The need for lots of computing resources comes with a number of fundamental issues, the chief among which is likely going to be standardization. Without a consistent size, depth, or definition to the size of a server, a deployment can easily end up as a hodge-podge of malformed hardware with no discernable high-level design methodology. While the silicon vendors or the OEM partners building the systems could have their own way of doing things, without a collaborative effort to define standards, we would still be in the 1970s or 1980s where systems end up unique for one particular customer. On top of this, there is an important overriding drive in the 21st century to ensure that enterprise deployments are power efficient as well.
When Facebook was scaling its technologies and pivoting to completely public use in the late 2010s, it started an internal project around data efficiency and scalability. The goal was to end up with a solution that provided scalable resources, efficient compute, and enabled cost savings. In 2011, combined with Intel and Rackspace, the Open Compute Project was launched to enable a set of open standards that could benefit all major industry enterprise players. OCP is also a fluid organization, providing its community a structure that is designed to enable close collaboration on these evolving standards, pushing for 'commodity hardware that is more efficient, flexible and scalable, throwing off the shackles of proprietary one-size-fits-all gear'. OCP also has a certified partner program, allowing external customers to be part of the ecosystem that covers data center facilities, hardware, networking, open firmware, power, security, storage, telecommunications, and future technologies.

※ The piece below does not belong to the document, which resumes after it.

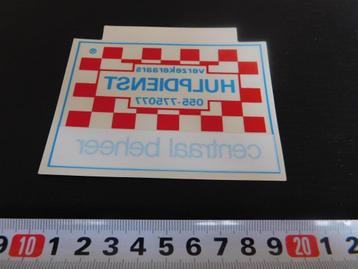 sticker raamsticker Hulpdienst Centraal Beheer  beschikbaar voor biedingen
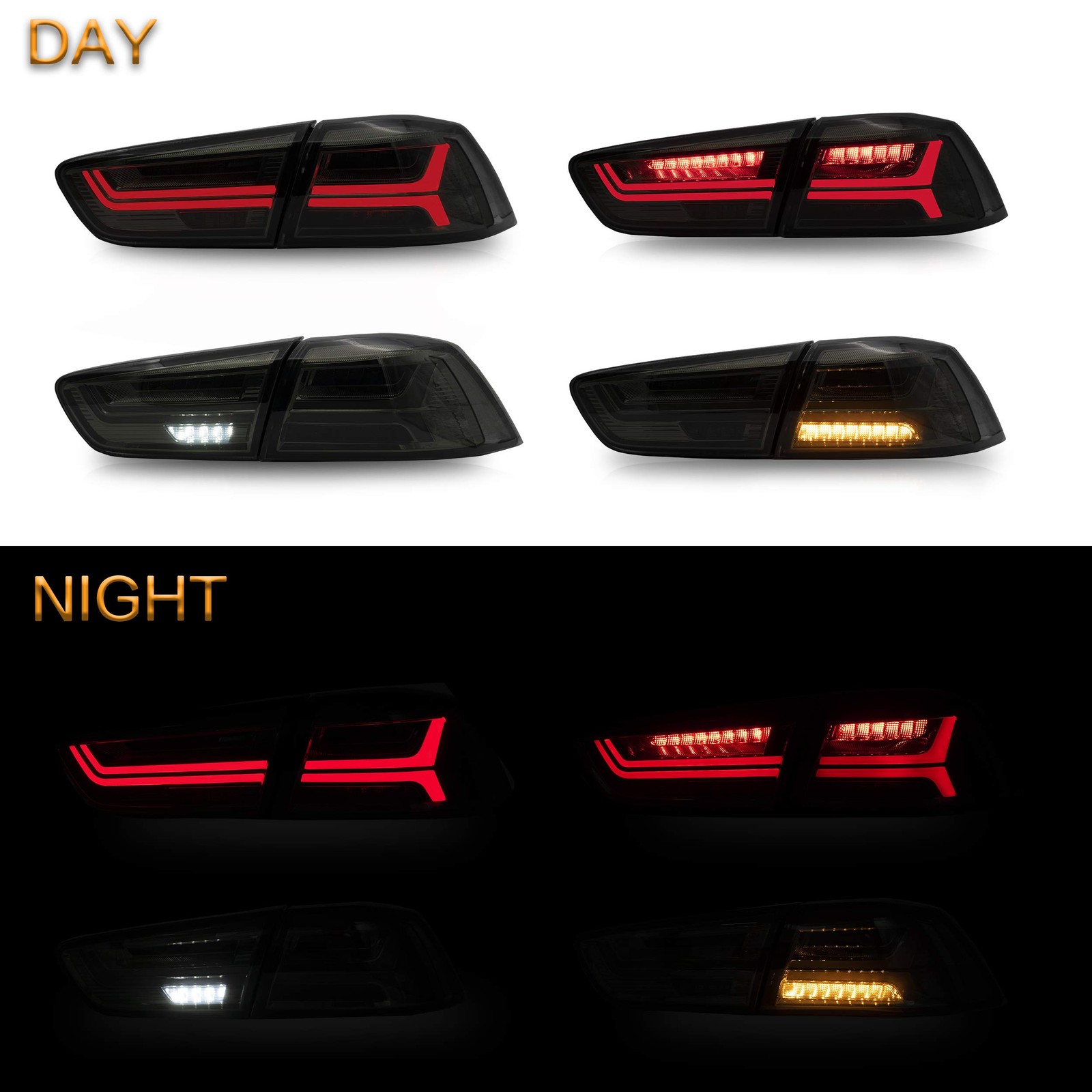 Tail lights Assembly for Mitsubishi Lancer & EVO X 2008-2021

While the initial founders included Intel and Facebook, other companies involved include ASUS, Arm, IBM, Google, Microsoft, Dell, HPE, NVIDIA, Cisco, Lenovo, and Alibaba. An example of how to think about OCP is that an OCP Rack is 21 inches wide, rather than a standard 19 inches, allowing for more airflow, but the racks are also taller, accommodating more units. Parts of the rack use dedicated high voltage power unit shelves that supply power to the rest of the servers in the rack, rather than relying on each system to have its own power supply. This also allows each server to fit more, such as a 2U six-blade design, or a 30 drive 2U design for storage that allows the drives to sit flat, rather than vertical. The OAM form factor for high-power graphics accelerators comes from the words (OCP Accelerator Module), coming out of the group. Two years ago we reported on Facebook's Zion Unified Training Platform, built to OCP specifications, using Intel's Cooper Lake processors.
Open Compute Project
Dr. Ian Cutress
In this interview today we have Rebecca Weekly, who not only sits as the VP and GM of Intel's Hyperscale and Strategy Execution, but is also an Intel Senior Principal Engineer. However, today we are speaking to her in her role as Chairperson and President of the Board of the Open Compute Project, being promoted on July 1st of 2021. When the press relations team sent around the news that Rebecca was taking the role, I reached out and asked if we could interview to get a deeper insight into OCP.

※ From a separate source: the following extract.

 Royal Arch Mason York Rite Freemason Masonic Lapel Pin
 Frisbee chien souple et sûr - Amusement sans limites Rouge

Ian Cutress: You’ve been elected as chairperson of the Open Compute Project - how long have you been involved with OCP? And what does your position as chairperson entail exactly?
Rebecca Weekly: Great question! I have been on the board of OCP since September 2020. I started (for lack of a better term) shadowing the previous person in the role for Intel back in July, but I took the position in September. But I've been involved in projects with OCP for a long time!
At Intel I work with hyperscale customers, and three of those hyperscale cloud providers are on the board of OCP. I’ve worked with many OCP projects, whether it's Mount Olympus, which was donated [to OCP] in conjunction with Microsoft, or any of Yosemite v1/v2/v3, which were donated from the Facebook partnership. Those projects have been things we've been working on forever. With those systems we have firmware support packages, things like OpenBMC. I mean, there are so many projects from a management (and modular design) point of view that revolve around my day job - to work with customers to make sure that they have the kind of modular compute systems that are vanity-free and are ready to go in the ecosystem.
It has always has been a part of my day job since I came to Intel six years ago. It felt very natural [to be a part of OCP]. But the board is very different! It's a different way to think. When you come in, you look at the open-source ecosystem and your contribution strategy to that open source ecosystem - from a specific company, you think about the base components that have to be able to work together, and how we enable that while keeping our special sauce unique, right? That's our job at OCP. That's our responsibility to our various stakeholders. When you're sitting on a board, you're thinking about the future of that industry and the community you serve - what needs to happen in that industry given the big trends that are happening.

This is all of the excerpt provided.